At step 1204, the video system 30 downscales the image to provide a downscaled image having a lower resolution than the original resolution. For example, the image 1000 may be downscaled form 1920×1080 pixels to 192×108 pixels. In various embodiments, the downscaling may be performed by, super sampling, bicubic, nearest neighbor, bell, hermite, lanczos, mitchell, or bilinear downscaling.

At step 1206, the video system 30 processes the downscaled image to generate a dehazing parameter corresponding to the lower resolution. For example, the dehazing parameter may include a transmission map T, as in step 510 of FIG. 5. In various embodiments, the transmission map of the downscaled image may correspond to the size of the down scaled image.

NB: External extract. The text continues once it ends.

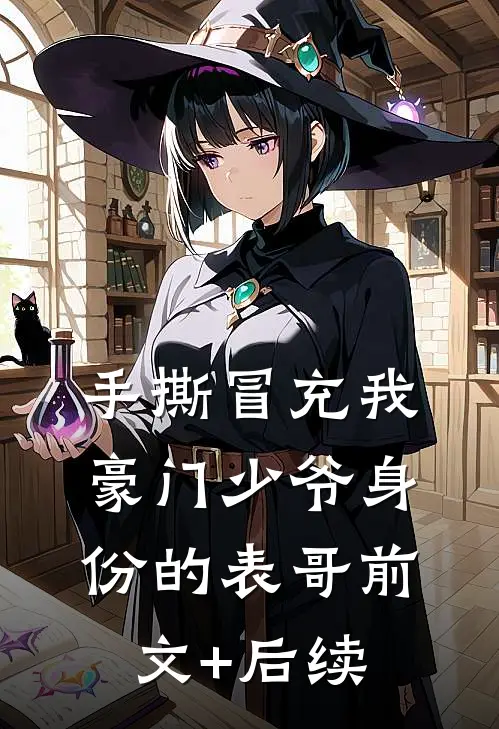 手撕冒充我豪门少爷身份的表哥前文+后续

At step 1208, the video system 30 converts the dehazing parameters corresponding to the lower resolution to second dehazing parameters corresponding to the original resolution. For example, the video system 30 may convert the transmission map T of the downscaled image to a transmission map T_N that corresponds to the original image resolution of 1920×1080 pixels.

At step 1210, video system 30 dehazes the image 1000 based on the second dehazing parameter corresponding to the original resolution. For example, the video system 30 may dehaze using any dehazing method that can utilize the transmission map T_N, resulting in a de-hazed RGB image 1100 (FIG. 11).

The embodiments disclosed herein are examples of the present disclosure and may be embodied in various forms. For instance, although certain embodiments herein are described as separate embodiments, each of the embodiments herein may be combined with one or more of the other embodiments herein. Specific structural and functional details disclosed herein are not to be interpreted as limiting, but as a basis for the claims and as a representative basis for teaching one skilled in the art to variously employ the present disclosure in virtually any appropriately detailed structure. Like reference numerals may refer to similar or identical elements throughout the description of the figures.

The phrases “in an embodiment,” “in embodiments,” “in some embodiments,” or “in other embodiments” may each refer to one or more of the same or different embodiments in accordance with the present disclosure. A phrase in the form “A or B” means “(A), (B), or (A and B).” A phrase in the form “at least one of A, B, or C” means “(A); (B); (C); (A and B); (A and C); (B and C); or (A, B, and C).” The term “clinician” may refer to a clinician or any medical professional, such as a doctor, nurse, technician, medical assistant, or the like, performing a medical procedure.

The systems described herein may also utilize one or more controllers to receive various information and transform the received information to generate an output. The controller may include any type of computing device, computational circuit, or any type of processor or processing circuit capable of executing a series of instructions that are stored in a memory. The controller may include multiple processors and/or multicore central processing units (CPUs) and may include any type of processor, such as a microprocessor, digital signal processor, microcontroller, programmable logic device (PLD), field programmable gate array (FPGA), or the like. The controller may also include a memory to store data and/or instructions that, when executed by the one or more processors, causes the one or more processors to perform one or more methods and/or algorithms.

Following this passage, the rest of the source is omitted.